Pandora's Promise (2013)
- Summaries (2)
A feature-length documentary about the history and future of nuclear power. The film explores how and why mankind's most feared and controversial technological discovery is now passionately embraced by many of those who once led the charge against it. Operating as history, cultural meditation and contemporary exploration, PANDORA'S PROMISE aims to inspire a serious and realistic debate over what is without question the most important question of our time: how do we continue to power modern civilization without destroying it?
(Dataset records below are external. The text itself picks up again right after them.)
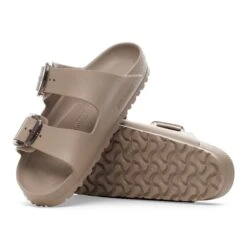 Birkenstock Arizona Big Buckle EVA Gray Taupe 11 Birkenstock Arizona Big Buckle EVA Gray Taupe -Birkenstock Shop 1030389 sole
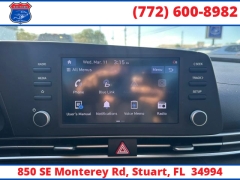 Used 2021  Hyundai Elantra SEL IVT at Victory Auto Store near Stuart&comma; FL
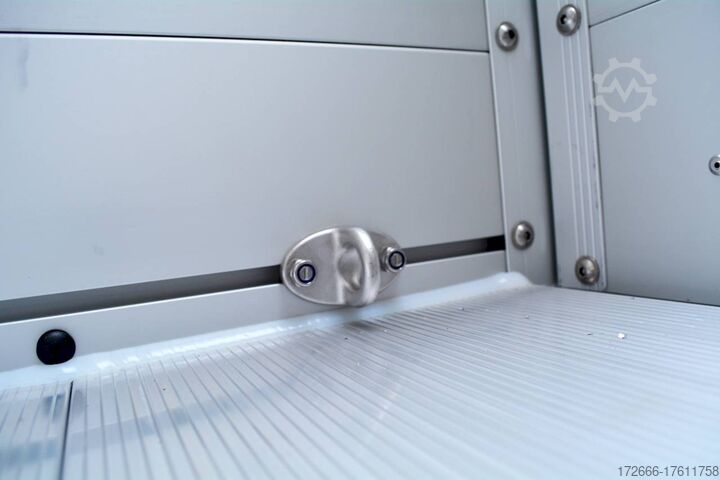 Valise Koch 4.13 I ALUBODEN I 1XBWE 250X125X65CM 1300KG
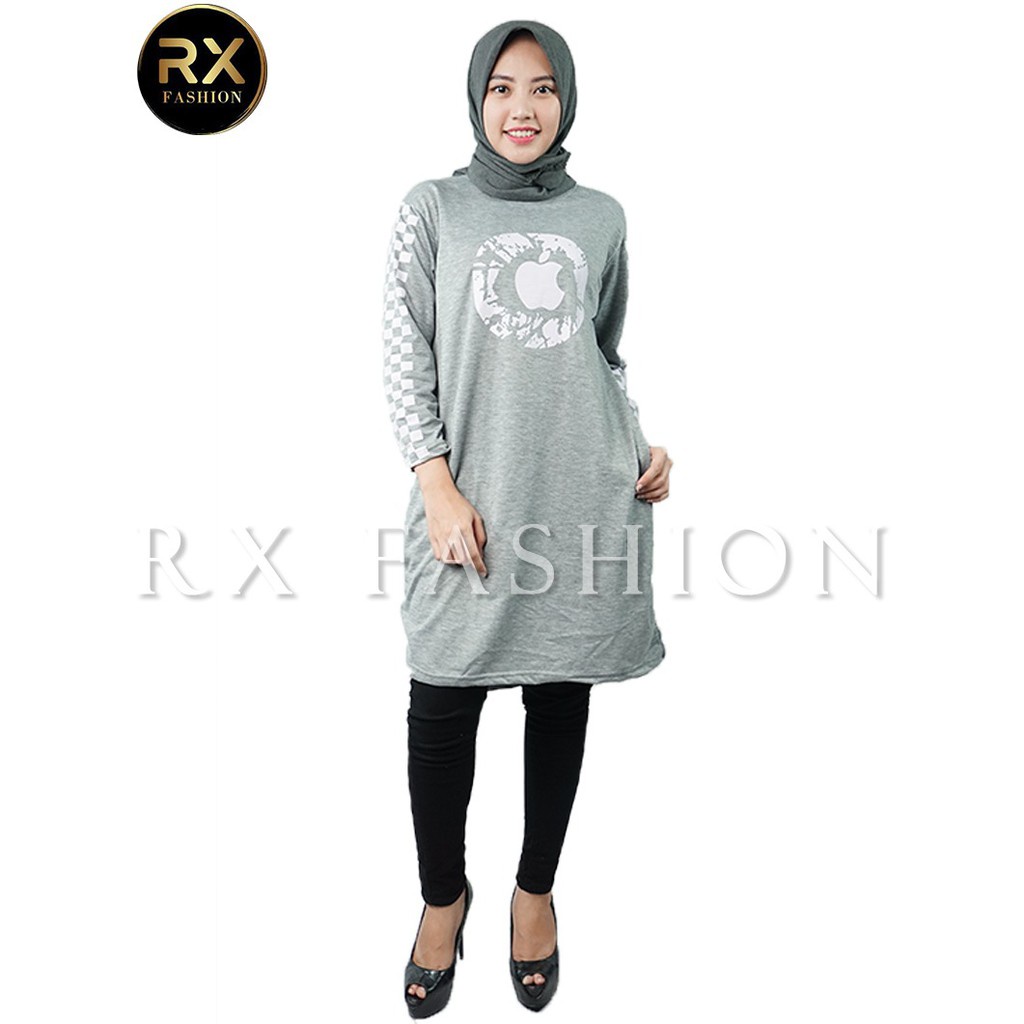 RX FASHION LIMITED SALE- TUNIK APPLE /TUNIK UNICORN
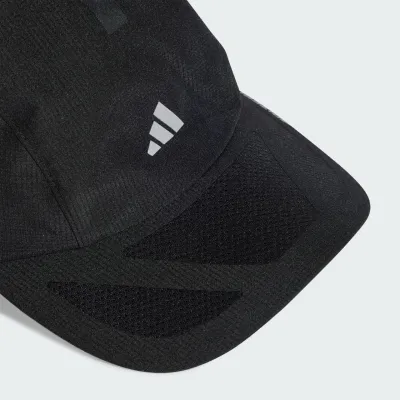 Кепка Adidas  RUNxADIZ CAP Черный 56-57 см (JD1160 56-57) - 4 - Robinzon.ua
Scientists have known this information for about 20 years but the general public has not been informed. The movie came out in 2013 as we were recovering from the big recession-few people cared to watch it. This is a healthy story of scientific nuclear power told to the general public. It is not a nerd movie; every day people will understand it. The movie flows along well with environmentalists, nuclear scientists and critical sites from all over the world. The movie includes interviews from environmentalists who have demonstrated against nuclear power. The movie tracks all of the radiation from the power plant failures from Chernobyl to Fukuyama in the history of power plants. The data, shown in real time, is surprising as your mind tries accommodates to what you previously assumed. The general public's fears of nuclear along with the real results of all nuclear power plants in the world are covered. France gets 80% of their power from nuclear and have a carbon footprint of only 10. You get more natural radiation from higher elevations. So flying in a plane is more than twenty times the radiation than the people get that are now living in Chernobyl. No one has ever died from nuclear power plants in the US, but 10,000 die per year just from coal dust. The US developed a FNR rector that could shut itself down under similar conditions that caused Chernobyl and Fukuyama to explode-It was abandoned by political pressure and the lack of public global warming knowledge. What about proliferation? About 30 countries have the technology to develop nuclear weapons but only nine have done so. Most countries don't want to have a "bomb". The US buys nuclear war heads from Russia and recycles them for fuel in reactors. There is little waste from new reactors as they recycle their material. Today, they are renewable. Nuclear power is by far the safest cleanest source of world power. The only source that we have that can stop the world weather effects of co2 emissions given our need for power to improve everyone's lives.